# 1941 Westfield Sports Tourist (Columbia)



## Livestrong2009 (Oct 13, 2012)

I have a 1941 Westfield Sports Tourist, but I know very little about it, and can barely find any info about it online.

Anybody have info on these?

-Step Through Frame
-Stewart Warner Floating Front Hub
-Sturmey Archer SC3 - 3 Speed Hub & Shifter
-Coaster Brake
-Mesinger B-80 Saddle (Pat. May 18, 1928)

Can you take a guess at the value?  Any suggestions how to sell this bike?  I am planning to list it on ebay, if that seems to be the most likely place to reach customers interested in that era of bicycle.


----------



## MrColumbia (Oct 13, 2012)

A sharp bike. Are you sure it's a 1941? That style chainguard was last used by Westfield in 1940 but I've never seen it on a lightweight. They were standard on the deluxe balloon models. This is the first time I've seen the SW Floating hub on a lightweight as well. This is a pretty fancied up lightweight. These normally don't fetch too much money but the factory upgrades should be the selling point along with the seemingly near perfect condition.


----------



## SirMike1983 (Oct 13, 2012)

Looks to me like an upgraded bike. The S3C coaster hub was first produced in the early 1970s. If you look on the hub shell you should see a 3 or 4 digit code, for the month and year the hub was made.

Nice bike, and probably a really good rider.


----------



## Livestrong2009 (Oct 13, 2012)

Thanks for the responses guys!

I am not positive that it is a 1941, but the serial number was what lead me to that conclusion.

So given the upgrades and condition, what would you say is a rough estimate of the value?

I will take a look at the date stamp on the Sturmey hub tomorrow to verify the age.

The bike is in great shape, that front hub is really fascinating to me.
They may call it a "lightweight", but it certainly is not very lightweight!


----------



## Livestrong2009 (Oct 14, 2012)

That hub did have a date stamp of 1972.

The rims are matching though, so it looks like it must have been re-laced.
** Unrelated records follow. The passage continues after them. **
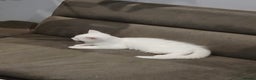 Abyssinian cats for sale: White kitten ub5 - Advert 1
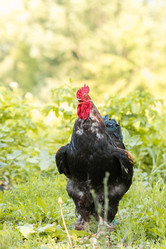 Similar image 22082176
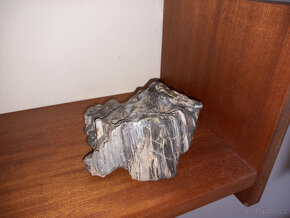 Zkameněliny, paleontologie, zkamenělé dřevo - 3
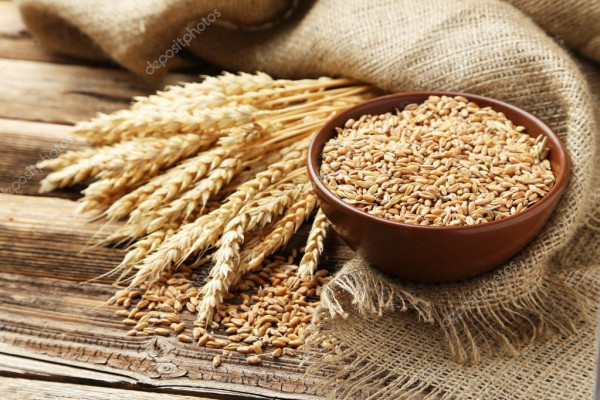 Фермери Криворіжжя можуть отримати від міжнародних партнерів безкоштовно насіння пшениці чи ячменю для посівної  0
Could that model have been a single-speed originally?


----------



## SirMike1983 (Oct 15, 2012)

Livestrong2009 said:


> That hub did have a date stamp of 1972.
> 
> The rims are matching though, so it looks like it must have been re-laced.
> 
> Could that model have been a single-speed originally?




Probably was a single speed coaster brake on there originally.


----------



## sailorbenjamin (Oct 17, 2012)

I just sold a men's '42 for $250.  They're interesting bikes but people just want ballooners around here.  Mine had white painted rims, 26x1.375 (that's a different tire from the 26x1 3/8 that you see a lot of.  Mine also had a chainguard installed later as it had none to begin with.  By '42 the war was on, though and a lot of things changed really fast.
What sized tires do you have?  If they're the fractional kind instead of the decimal kind, is there a 590 or a 597 stamped on them somewhere?
I posted an ad from '42 in the thread about my bike.  I'd post it here for you but this computer is a classic antique and big data files tend to choke it.  It's out there if you search my threads.


----------



## s1b (Oct 19, 2012)

This one has me scratching my head. That balloon tire chain guard ..............paint seems to match.

This link really doesn't have alot to add to this thread, but its a 44-45 Sears catalog bicycle page. There are accessories. Mainly chain guards and that ALMOST match the one on the bike I bought from sailorben.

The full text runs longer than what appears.